Assignment
Transcribe the listing exactly, so that nothing but the pictures is missing.

== Supplied material ==

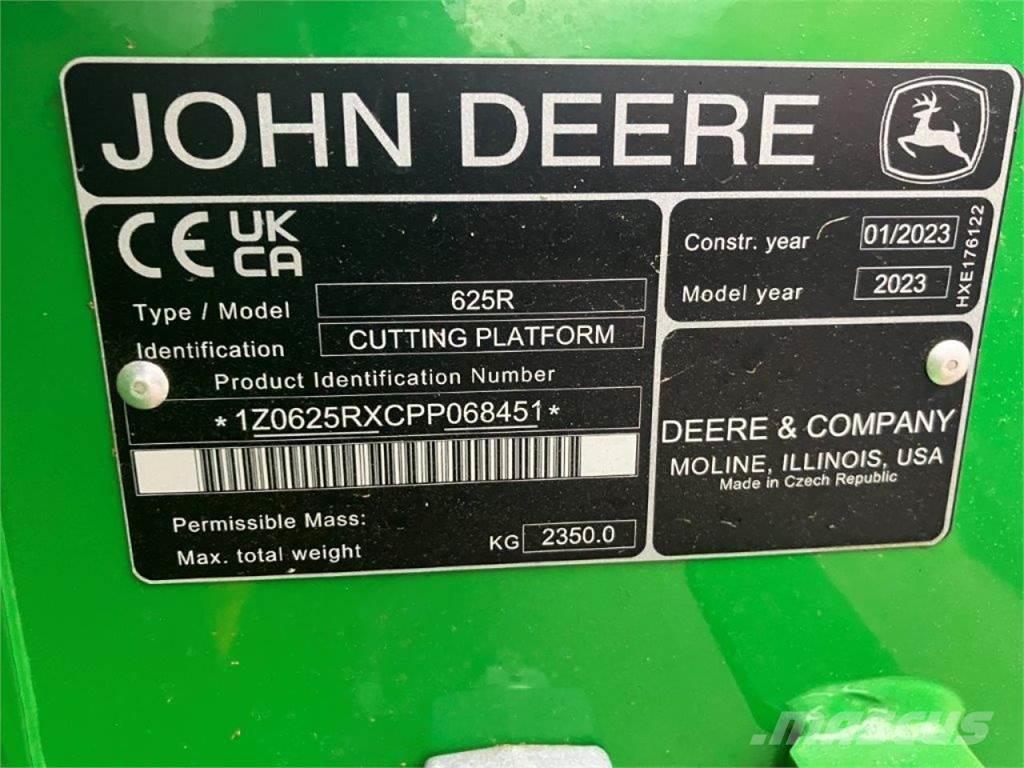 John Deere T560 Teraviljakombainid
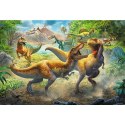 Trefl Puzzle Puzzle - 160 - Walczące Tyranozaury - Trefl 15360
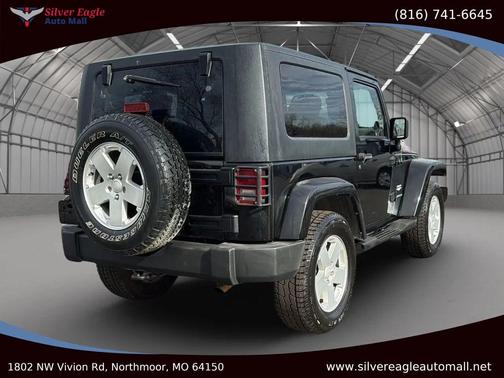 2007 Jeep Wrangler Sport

===

Exercise output
 John Deere T560 Teraviljakombainid
 Trefl Puzzle Puzzle - 160 - Walczące Tyranozaury - Trefl 15360
 2007 Jeep Wrangler Sport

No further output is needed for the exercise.